Chefs are known for their good taste across the board — cuisine, wine, frequently music. So it only makes sense that their humor puts them at the top of the food chain (as it were) when it comes to pranking each other. We reached out to chefs across the country to see how they mess with each other and came up with some pretty good practical joke ideas for the next test kitchen. Everyone best stay on their feet (especially in Northern California — who would have thought?)
Ray Tang, chef/owner of San Francisco’s Presidio Social Club, shared two lesson-driven pranks:
“At Postrio, there were a series of practical jokes that the back of the house would play on the front of the house. At every line-up, the waiters would DEVOUR the desserts like locusts. One of the sous-chefs back then decided that he wanted them to slow down before attacking every plate of dessert. He took perfectly molded espresso grounds, then dusted them with cocoa powder and plated it with a garnish. He served it at the line-up. As usual, the waiters attacked it. However, they all ended up with a mouthful of cocoa-covered espresso grounds. Classic!”
But wait, before you Google “espresso ground molds” (which don’t exist), here’s one you can replicate with slightly less skill:
“Also at Postrio, carrying on with the same theme, I had disguised some garlic and shallots with chocolate. It was around Easter time. I put the “chocolates” in a brown paper bag and labeled it “Ray’s Easter Chocolates — DO NOT TOUCH.” The next day I came in, the sous-chef was screaming at me and reading me the riot act. ‘Ray, you %^&$#! I ate your damn chocolates.’ Funny thing was that he admitted guilt but then wanted to pass that practical joke on to others. I think there were three more victims from that batch of decorated fun.”
“For every new student stage we have, we typically play the same joke on them. In the middle of the first really busy shift he/she works, we will go to the stage, tell them they have to run down to the neighboring restaurant and ask to borrow a “left-handed sauté pan.” Because we ask them in a hurry during the heat of battle the stage doesn’t really think it through and runs down to Samovar [Tea House] to ask for the pan. Samovar will tell the stage “the only left-handed sauté pan we have is broken, but we know that most of the restaurants in the Metreon always have a good supply of left-handed sauté pans.”

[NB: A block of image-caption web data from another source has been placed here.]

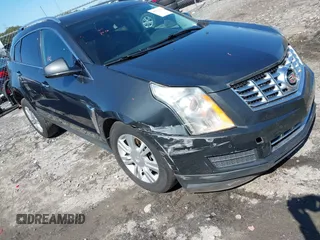 2015 Cadillac SRX Luxury Collection with VIN 3GYFNBE36FS537297, listed as a IAAI auction lot 41733421 with 147,336 mi miles. Bid and sale history available at carsss.com. Image 1.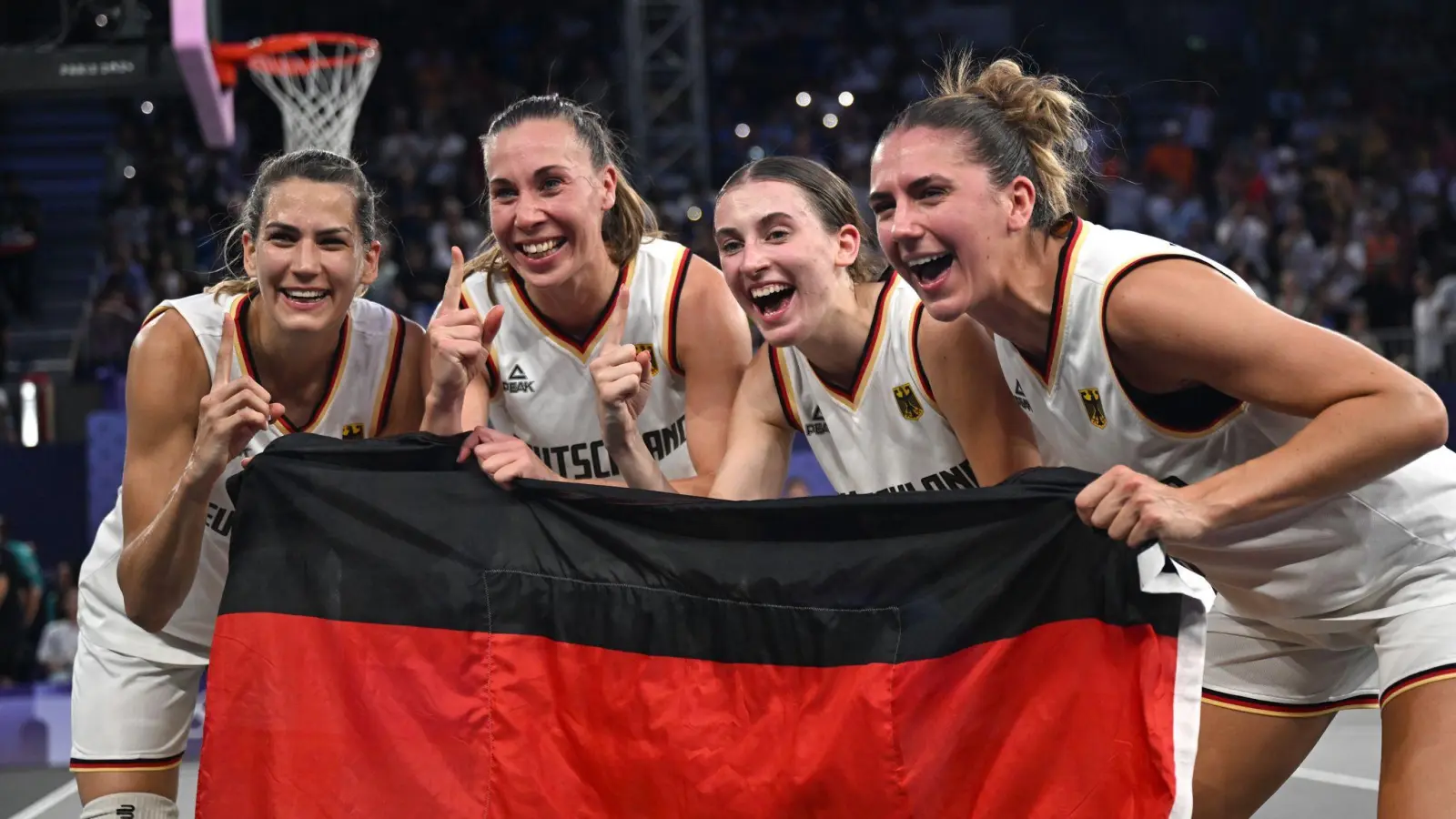 Feiern mit der Fahne: Die 3x3-Basketballerinnen. (Bild: Sina Schuldt/dpa)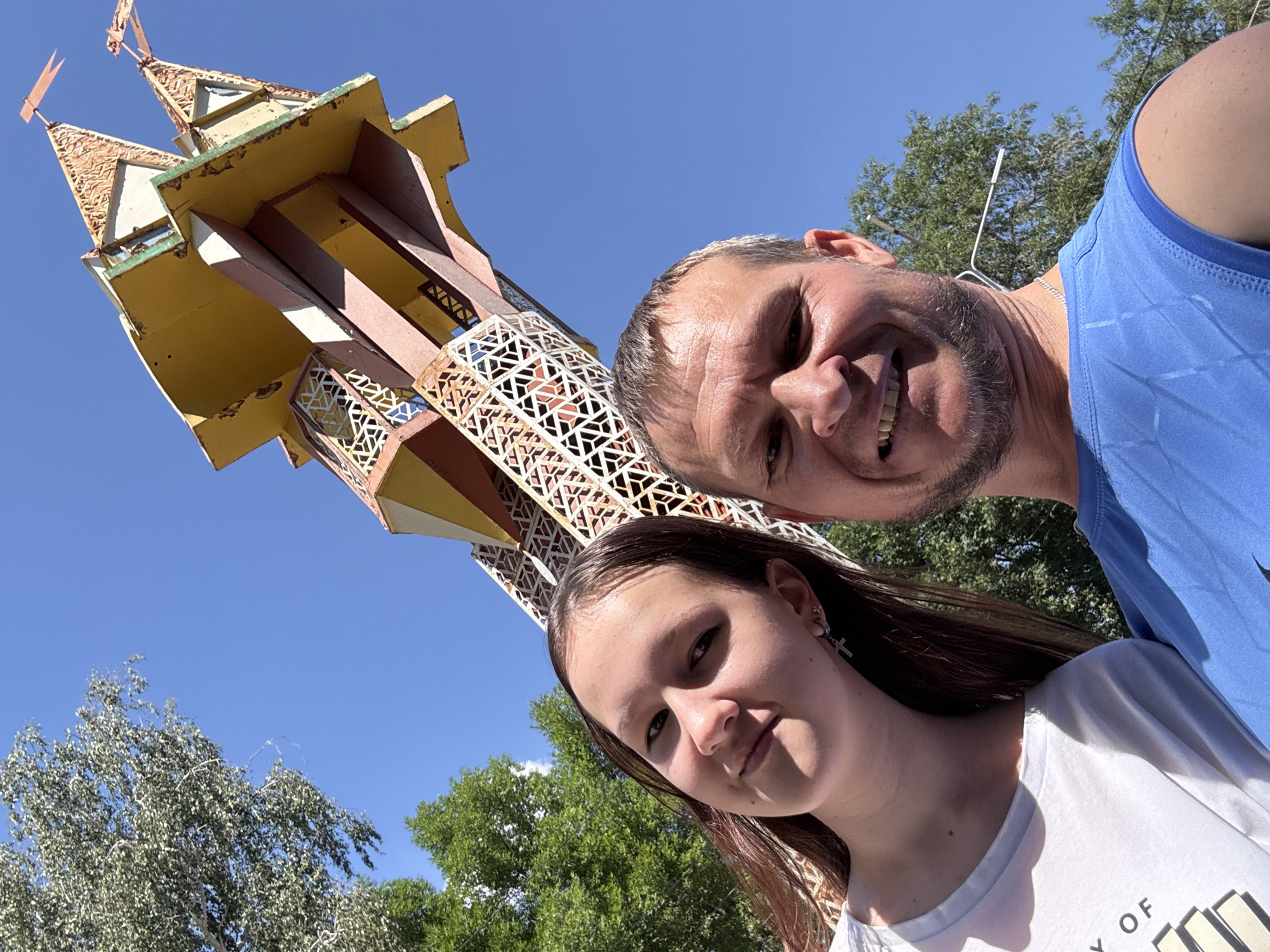 In this selfie, a man and a young woman are positioned in the foreground, looking towards the camera. They are outdoors, under a clear blue sky. Behind them, a distinctive, colorful structure resembling a stylized castle or tower stands tall. The structure is made of various materials and features intricate latticework and pointed rooftops with small flags. Green foliage from trees is visible on the left and right sides of the image, suggesting a park or outdoor recreational area. The lighting indicates it is daytime. The image appears to have been taken in Oskemen, Kazakhstan, possibly near a playground or amusement area, given the nature of the structure in the background.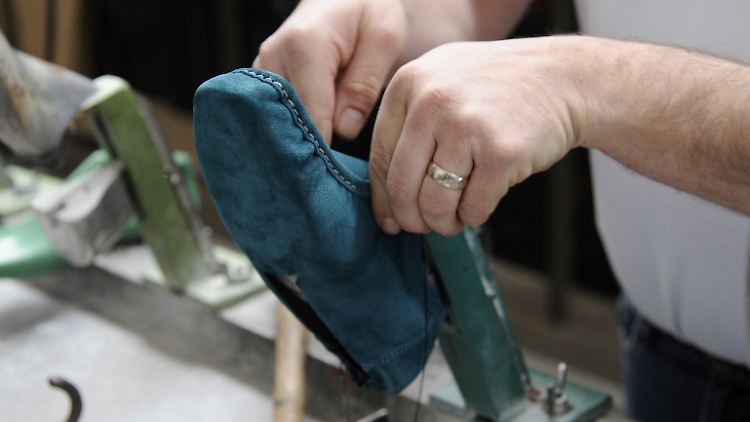 Ein Mitarbeiter des Schuhherstellers Sioux bearbeitet einen Schuhrohling auf der Leiste.  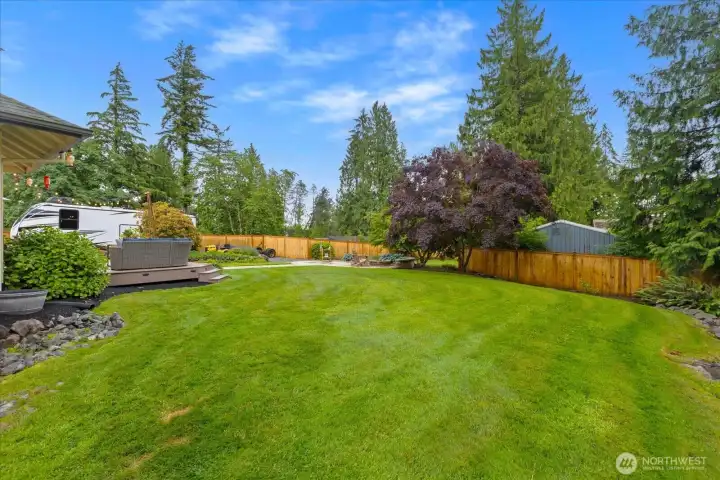 Nearly ¾ acre of fully fenced outdoor living and recreation space.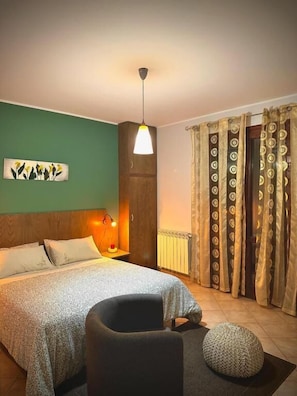 A bedroom with a bed, a chair, a bedside table with a lamp, a radiator, and patterned curtains.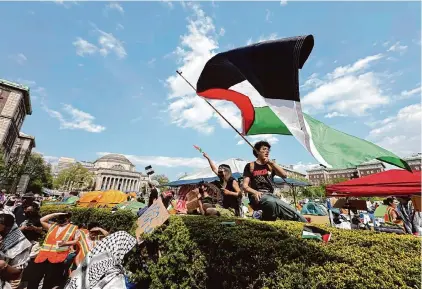  ?? Ted Shaffrey/Associated Press ?? Demonstrat­ors protest at a pro-Palestinia­n encampment at Columbia University in New York on April 29.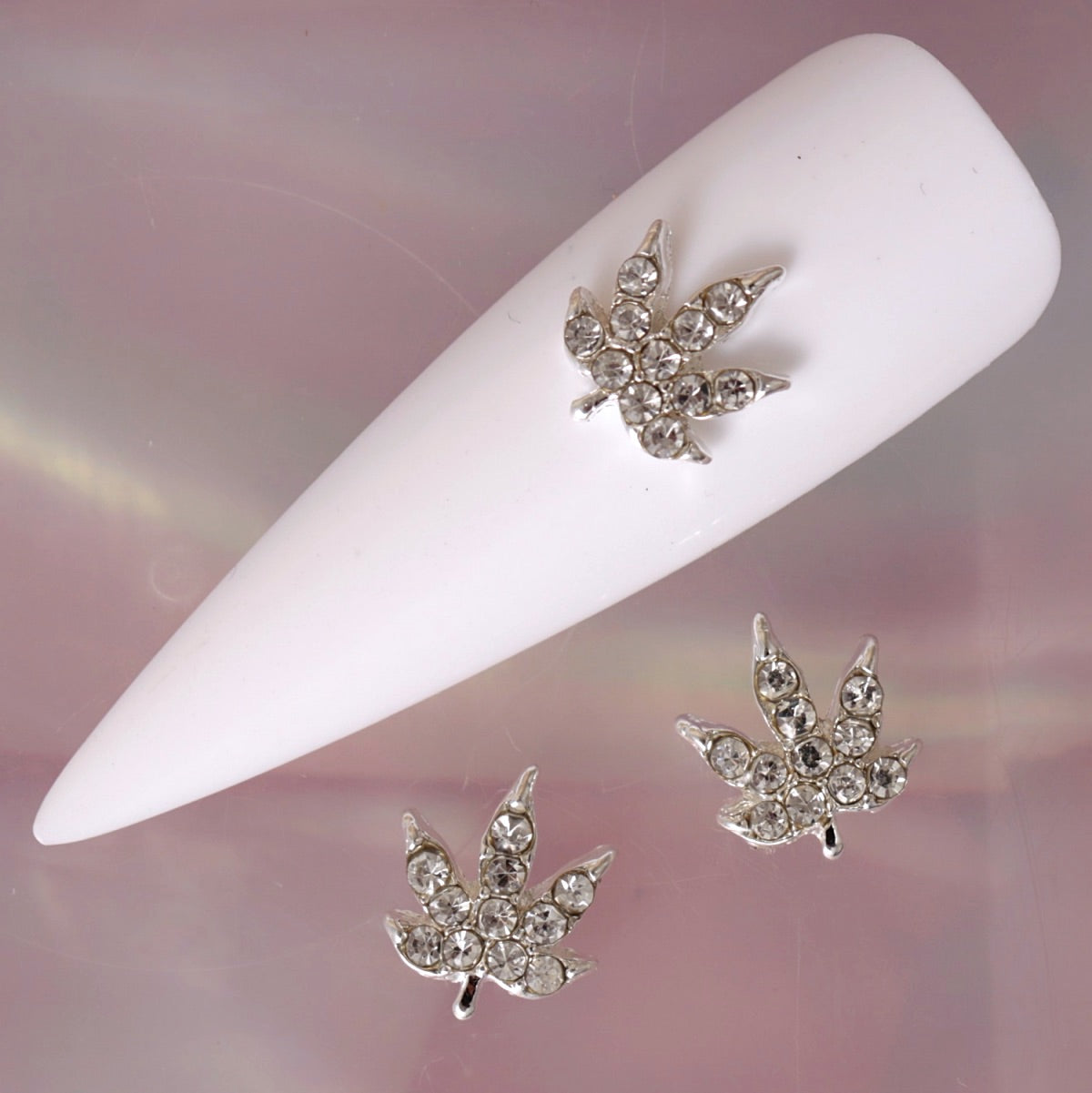 Silver cannabis leaf nail charm with polished metallic contours and multiple clear rhinestones arranged across the leaf sections. This bold decorative charm is ideal for statement manicures, festival nail art, alternative designs, party looks and glamorous crystal accent nails.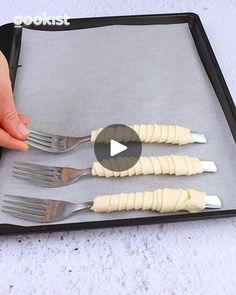 a person is holding three forks in front of a tray with four pieces of food on it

It usually takes about 20-30 minutes until the stage returns. Either someone has gone along with the joke and given the stage a pan or the stage comes back stressed that they couldn’t find one. Always provides a good laugh.”
Marty Cattaneo, Executive Chef at Dio Deka in Los Gatos, CA, sends his employees off on their last day of work with a bang.
“My favorite is anytime someone has a last day, they get a concoction dumped on them that is generally something that would make one throw up. After this, the person is generally doused with a nice coating of flour. The best part is the stealth that must go into the execution because the person generally knows what is coming. I have been on the roof of the building waiting for them to leave. I have hidden in the laundry bin, out by their car, you name it.
There also always seems to be someone messing with the drinks on the line. It could be the addition of some distilled vinegar, salt or olive oil, but the results are priceless when a thirsty cook reaches for his/her drink and gets a mouthful of something they don’t expect!”